Masterson was a three-time state cross country/track champion at Sheldon. She had a 4.0 grade-point average and was being courted by many colleges after a 12th-place finish at a Foot Locker regional race in California.

“She was just a few strides away” from advancing to the national Foot Locker meet in San Diego, OSU coach Kelly Sullivan said. “That really put her on the radar, every school in the country began recruiting her.”

She made official visits to five schools and eventually narrowed her choices to OSU, Virginia and Oregon, or skipping intercollegiate competition altogether and running for the Eugene Health and Performance Foundation, an Olympic development program run by former Athletics West coach Dick Brown.

Sullivan said he thought he’d get the obligatory, “Thanks, but no thanks” phone call when letter of intent day arrived.

“She never took an official visit here, just drove up twice to visit,” Sullivan said. ‘OSU wasn’t on her list. She wasn’t in bed at night going, ‘Oh my gosh, I sure hope I can run at Oregon State someday.’

“If I had been a betting man, I’d have bet we’d make a great impression and she’d like what we have to offer, but in the end we wouldn’t be the place she’d go.”

Instead of a polite rebuff, however, Sullivan got an unexpected double dose of good news when Masterson and Jennifer Macias of Hermiston committed on the same day and announced their decisions on a conference call.

“They said, ‘Let’s do this together,’ ” and instantly changed the face of the program.

“Casey has validated that we could go out and get someone of her ability and potential to overlook everything else and really take a chance on a program that hadn’t established itself,” Sullivan said. “She and Sylvia Veal give us a tremendous 1-2 punch.”

Masterson has raced several times previously in her hometown and hasn’t always enjoyed the experience.

“There’s pressure on her when she runs there,” Sullivcan said. “Everybody in Eugene knows her and she’s almost been distracted,” by so many people asking for a moment her time.

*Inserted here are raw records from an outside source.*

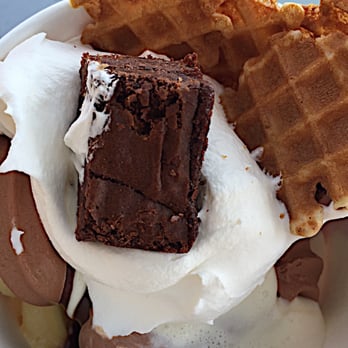 Menchie's Frozen Yogurt - I was paying & pouting there wasn't any waffle chips & the Menchie person says, "They're right over there." I love this place! - Ice Cream & Frozen Yogurt Near Me - Austin, Texas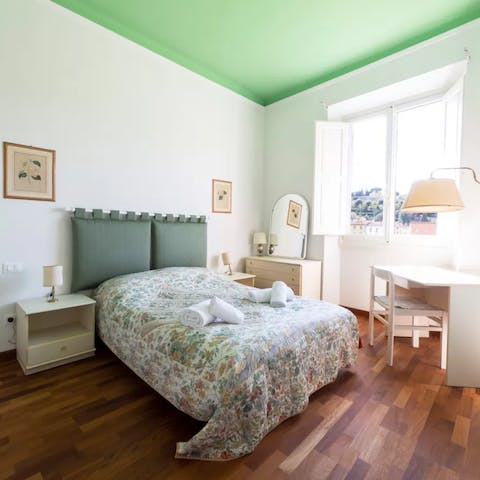 Wake up to River Arno views in the comfortable bedrooms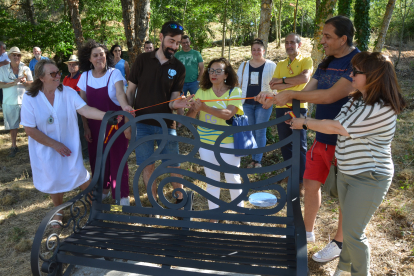 Inauguración del banco, obra del bañezano Javier Cenador. DL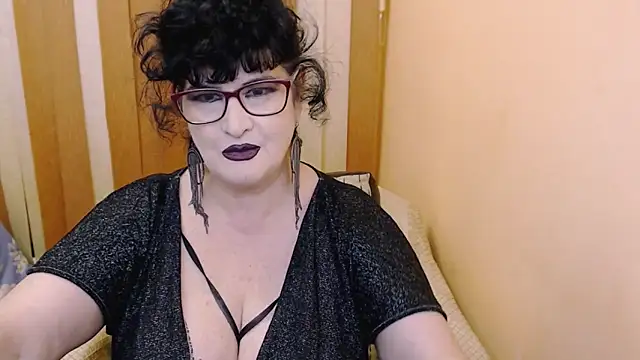 QuuenOfSin online show from February 2, 2025, 2:17 am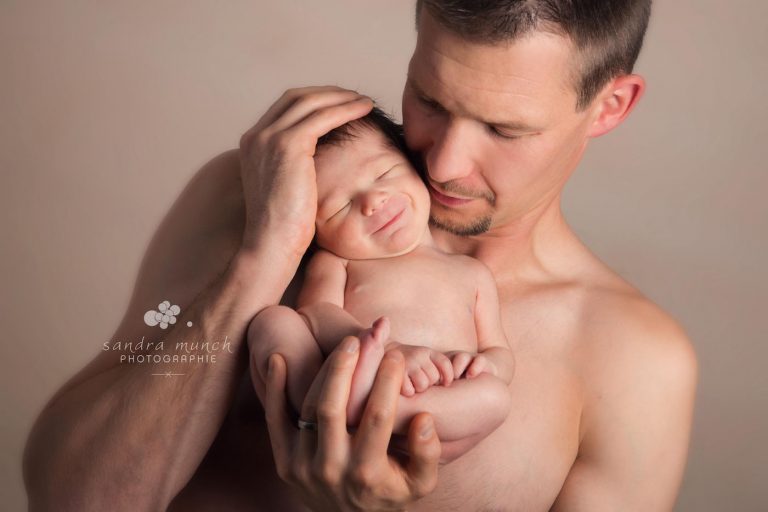 photographe de nourrisson dans les bras de papa en peau à peau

“She gets so much attention. But I think she’ll be excited and hopefully (Friday) won’t be any different than any other meet for her.”

Veal, Masterson and Macias placed 32nd, 34th and 35th at last year’s Pac-10 meet and helped the Beavers take seventh, their best performance since the program was reinstated. They hope to move up even higher this season and should battle Washington State, California and Arizona for fifth place.

OSU’s top runners haven’t competed since early October as part of the tapering process so they should be rested and ready for the final precursor to the Nov. 15 NCAA West Regional.

“Eight of the 10 women we’re going to run are Oregon high school kids, so there’s no way we’re going to downplay this meet; it’s going to be a big race,” Sullivan said.

“We’re as ready and prepared as any team we’ve had to this point and as prepared as any team I’ve had over the years.”

PAC-10 MEET AT A GLANCE

WHAT: Pacific-10 Conference women’s cross country championships

WHEN: 2:25 p.m. on Friday

WHERE: Springfield Country Club

COURSE: 6,000 meters on grass, with short sections on service roads.

TV: Comcast Sports Network (37), 6 p.m.

DEFENDING CHAMPIONS: Stanford has won the past 13 team championships. Cardinal senior Arianna Lambie was the individual champion for the third year in a row.

RANKED TEAMS: Washington (1), Oregon (2), Arizona State (15), Stanford (18).

OSU ENTRANTS (2007 finish in parenthesis): Sylvia Veal (32), Casey Masterson (34), Hayley Oveson (63), Michelle Childs, Jennifer Macias (35), Lorene Young, Holly Thompson (67), Hannah Soza-Hodgkinson, Rebecca Mishler and Marsha Lampi or Abby Chesimet (69).

NOTES: The Beavers were seventh at the 2007 Pac-10 meet at Trysting Tree. -. OSU has already qualified for the NCAA West Regional Championships, at Stanford on Nov. 15, and is ranked sixth in the NCAA West Region. The top two finishers at nine NCAA regional meets, and 13 at-large selections, advance to the NCAA Championships, Nov. 24 in Terre Haute, Ind. -. The 2009 Pac-10 meet will be hosted by USC.